Points of interest cluster together naturally, or string out along natural boundaries, rather than appearing at perfectly punctuated intervals. it’s almost as if – gasp! – CD Projekt tried to build a realistic environment (towns here, fields here, roads here, forest here) and then worked out what sort of gameplay it might engender, rather than sculpting the world to fit a checklist of necessary inclusions.
The sunsets and sunrises are almost always spectacular, and the contrast between the long, inky shadows and molten gold beams of sunlight was enough to bring a lump to my throat on many an occasion.
Plus, it’s beautiful. Like, so ridicuously beautiful. The vegetation blowing in the wind, which ranges from gentle breeze to howling gale, is a small but delightful touch. The sunsets and sunrises are almost always spectacular, and the contrast between the long, inky shadows and molten gold beams of sunlight was enough to bring a lump to my throat on many an occasion. Even stomping through swamps is excellent, although those of you who didn’t grow up in one may find them less delightful.
The weather effects are perhaps a bit too frequently dramatic to allow you to really appreciate their variation, but it’s pretty amazing to see the world darkening around you and trot out of some trees to look across the landscape below, watching a lightning storm roll in.
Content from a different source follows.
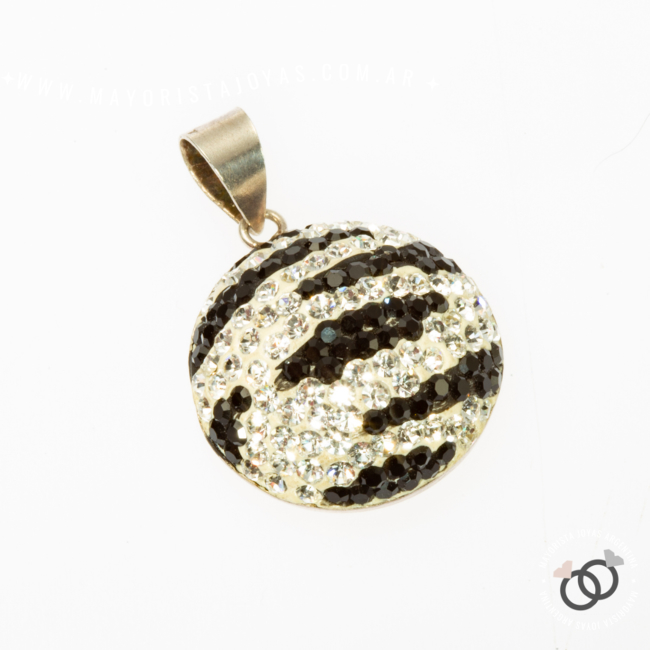 DIJE PLATA MEDIA ESFERA MICROCRISTAL (PDM030)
Perhaps the only thing that makes these effects better is that both Geralt and NPCs react to them. “Storm coming in. Great,” Geralt muttered to himself, and as the first drops fell and the wind picked up, I myself shuddered and pulled my hood up.
The dramatic effect was somewhat spoiled, in a magnificent way, when I rode past a guard a few minutes later. “If it don’t stop raining my arse will rot off,” he said, conversationally.
Delightful.
When I first started playing The Witcher 3 and thinking about the upcoming guide I felt a kind of despair whenever I looked at the world map and saw the bazillion icons demanding my attention. Within a few days my attitude had completely changed; I was no longer dreading a checklist slog, but excitedly wondering what was around the next corner, and anticipating the adventures I’d have there.
That’s not something I felt about Dragon Age: Inquisition or Assassin’s Creed: Unity, as much as I enjoyed both of those games, and to me it demonstrates that CD Projekt RED’s open world debut has set a standard for the genre.